Ebola Couldn’t ‘Turn Down’ Liberia’s Nightlife for Long
On a warm Friday night in Paynesville, a Liberian community founded by settlers from the United States and their descendants 150 years ago, music is thumping from all directions. An Ebola-induced curfew was lifted about two weeks ago and young Liberians are thronging in the thousands to enter Royal Plus, a nightspot not far from a series of emergency Ebola treatment units on the outskirts of Monrovia, Liberia’s capital. These hulking facilities line the long route to Monrovia from the country’s international airport, which continues to be serviced by only a handful of the international carriers that made stops in Liberia before the height of the Ebola crisis.

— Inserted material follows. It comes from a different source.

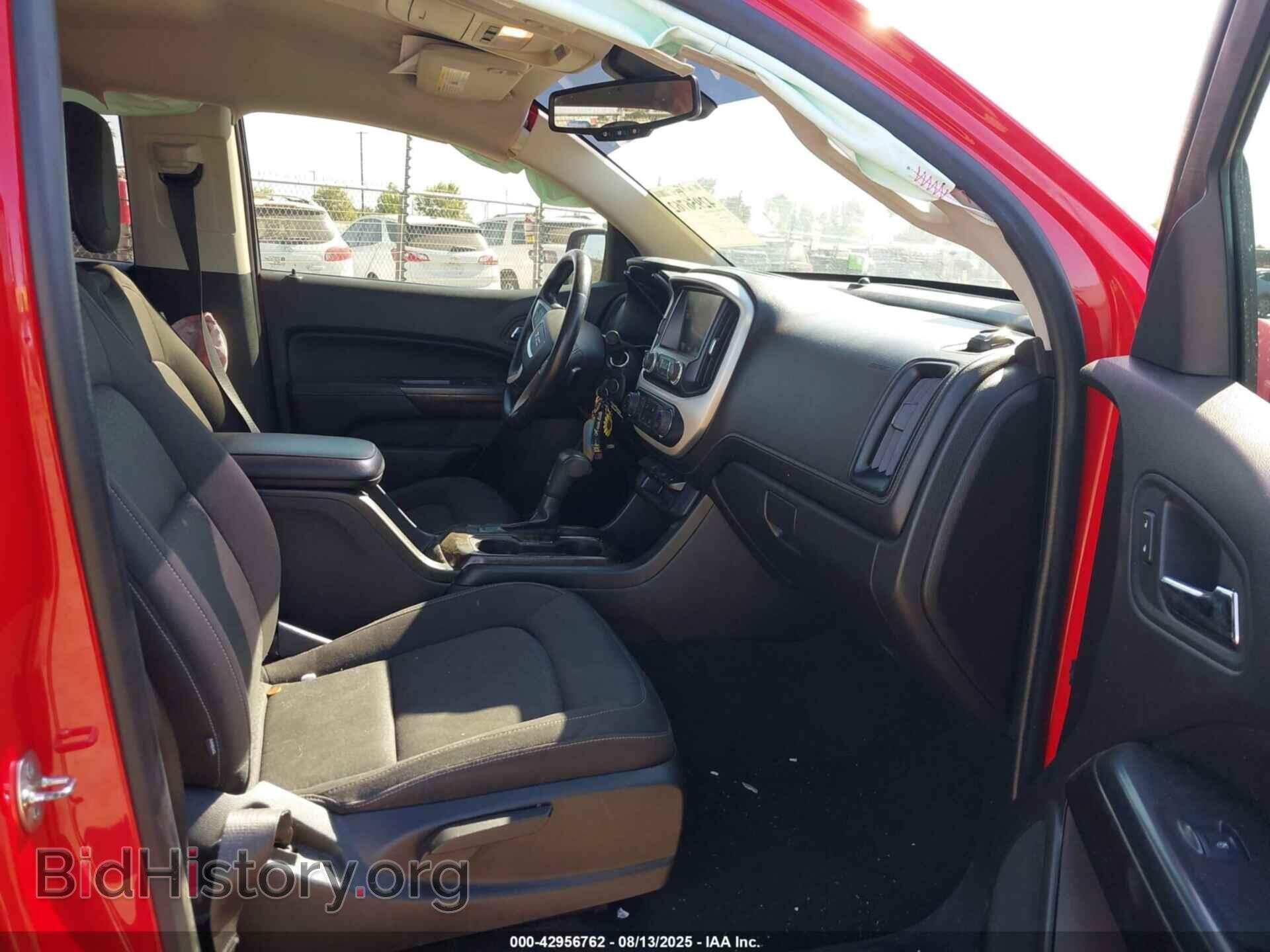 2015 GMC CANYON - VIN: 1GTG5BE34F1244655 - Фото 5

While the economic effects of Ebola have been significant, the country has reached the halfway mark to a declaration of being Ebola free and Monrovia’s youth are now ready to have fun. As Takun J, one of the leading proponents of Liberian urban music, known locally as ‘hip-co,’ notes, “We can’t escape from entertainment.” Despite the challenges wrought by Ebola, Takun’s nightspot, Block 146, remained open throughout the crisis. Live performances, beauty pageants, and film-house screenings are starting to resume as normal. Indicative of this shift, the line for admission into Royal Plus is dozens deep, despite an admission fee of 200 Liberian dollars, which at more than $2 U.S. is greater than the daily incomes of most Liberians.